Nuovi affioramenti nel Fayum

 



Quest’ultimo scorcio dell’anno sta regalando tesori affascinanti e inaspettati. Proprio qui si parlava poche settimane fa delle statuette di Tanagra, di come il loro rinvenimento sia stato la conseguenza di un gesto millenario, comunemente ripetuto, un colpo di badile che ha schiuso qualcosa che si credeva sigillato per sempre nella terra. Negli stessi giorni il nome di San Casciano dei Bagni ha fatto il giro del mondo coi suoi straordinari idoli restituiti dal fango; si sono pubblicate foto, scritte poesie, dediche, impressioni a caldo su quello che sotto gli occhi di tutti si è materializzato come un prodigio. E certo sì, l’elemento fortuito può aver giocato un suo ruolo, ma la storia dello scavo si dipana anche nei suoi aspetti di assoluta dedizione per la ricerca, per la volontà di valorizzare un territorio attraverso la scoperta, per la lungimiranza di un investimento, secondo qualcuno magari arrischiato in momenti economici complessi, ma che ha reso frutti meravigliosi.    

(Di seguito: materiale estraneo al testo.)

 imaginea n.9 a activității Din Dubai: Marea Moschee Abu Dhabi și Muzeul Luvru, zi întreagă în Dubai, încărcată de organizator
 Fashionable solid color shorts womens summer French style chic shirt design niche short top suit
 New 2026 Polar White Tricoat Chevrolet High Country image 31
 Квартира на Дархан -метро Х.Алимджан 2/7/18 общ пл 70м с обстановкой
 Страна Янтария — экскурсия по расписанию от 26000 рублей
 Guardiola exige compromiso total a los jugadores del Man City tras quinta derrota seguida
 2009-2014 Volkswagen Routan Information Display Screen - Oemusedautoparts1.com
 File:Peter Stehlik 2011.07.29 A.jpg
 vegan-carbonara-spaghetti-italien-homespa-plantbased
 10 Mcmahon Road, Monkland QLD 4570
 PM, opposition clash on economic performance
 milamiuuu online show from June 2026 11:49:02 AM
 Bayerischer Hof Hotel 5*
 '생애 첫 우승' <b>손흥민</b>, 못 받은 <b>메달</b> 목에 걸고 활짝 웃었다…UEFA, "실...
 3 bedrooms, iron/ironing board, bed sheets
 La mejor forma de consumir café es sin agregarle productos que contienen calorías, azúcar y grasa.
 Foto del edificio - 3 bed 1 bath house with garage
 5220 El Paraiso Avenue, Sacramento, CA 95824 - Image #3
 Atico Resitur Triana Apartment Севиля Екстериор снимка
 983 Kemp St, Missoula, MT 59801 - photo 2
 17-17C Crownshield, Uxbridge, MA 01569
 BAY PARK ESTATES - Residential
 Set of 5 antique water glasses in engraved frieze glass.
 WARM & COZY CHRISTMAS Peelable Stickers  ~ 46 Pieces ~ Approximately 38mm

Infine all’inizio di dicembre si è saputo che a più di un secolo di distanza dalle vaste campagne archeologiche condotte nell’area del Fayum, si sono trovati nuovi ritratti. Tra le più importanti e meglio conservate testimonianze pittoriche del mondo antico, la scoperta è stata annunciata proprio in questi giorni dal ministero egiziano, sebbene le opere in oggetto non risultino ancora quantificate. Si tratterebbe di una serie di manufatti riconducibili a un enorme edificio funerario di epoca tolemaica e romana situato a Gerza (l’antica Filadelfia, fondata da re Tolomeo II Filadelfo nel III sec. a. C.), ottanta chilometri a sud del Cairo. Tra i ritrovamenti anche una rara statua in terracotta della dea Iside posta all’interno di un sarcofago, oltre ad un gruppo di documenti papiracei, con iscrizioni in caratteri demotici e greci circa le condizioni sociali, economiche e religiose degli abitanti della regione in quel periodo. L’area del Fayum ebbe un ruolo strategico fin dai tempi della sua fondazione, in quanto villaggio centrale all’interno del progetto di bonifica agricola attuato dalla dinastia tolemaica, con l’obiettivo di garantire fonti di cibo per il regno. Patria di egiziani, greci e romani, crocevia culturale in cui si contraevano matrimoni misti per necessità economiche ed amministrative, la sua apertura e mescolanza si riflette ampiamente nella produzione artistica. I coloni greci, la presenza più capillare in questo territorio, erano soprattutto veterani di guerra e ufficiali. Oltre ai greci, come si è detto, vi erano anche egizi, giunti in quella regione per lavorare le terre. Anche dopo la conquista della regione da parte dei romani, la popolazione restò prevalentemente composta da greci ed egizi, quindi da egizi ellenizzati. I ritratti del Fayum non sono quindi altro che i volti dei discendenti dei primi coloni greci che presero in moglie donne locali. Si può quindi affermare che tale ritrattistica, unicum nel mondo antico per la sua peculiarità, sia il risultato di una sintesi tra le usanze egizie (la mummificazione) e quelle greco-romane (il realismo della pittura). Non è un caso, infatti, che la diffusione dei ritratti coincida proprio con la dominazione romana sull’Egitto. Alcuni studiosi pongono l’accento proprio sulla similitudine tra quest’uso e quello romano, basato sulla produzione di maschere in cera dei volti dei propri cari defunti, da conservare nelle abitazioni per ragioni di culto e ornamentali.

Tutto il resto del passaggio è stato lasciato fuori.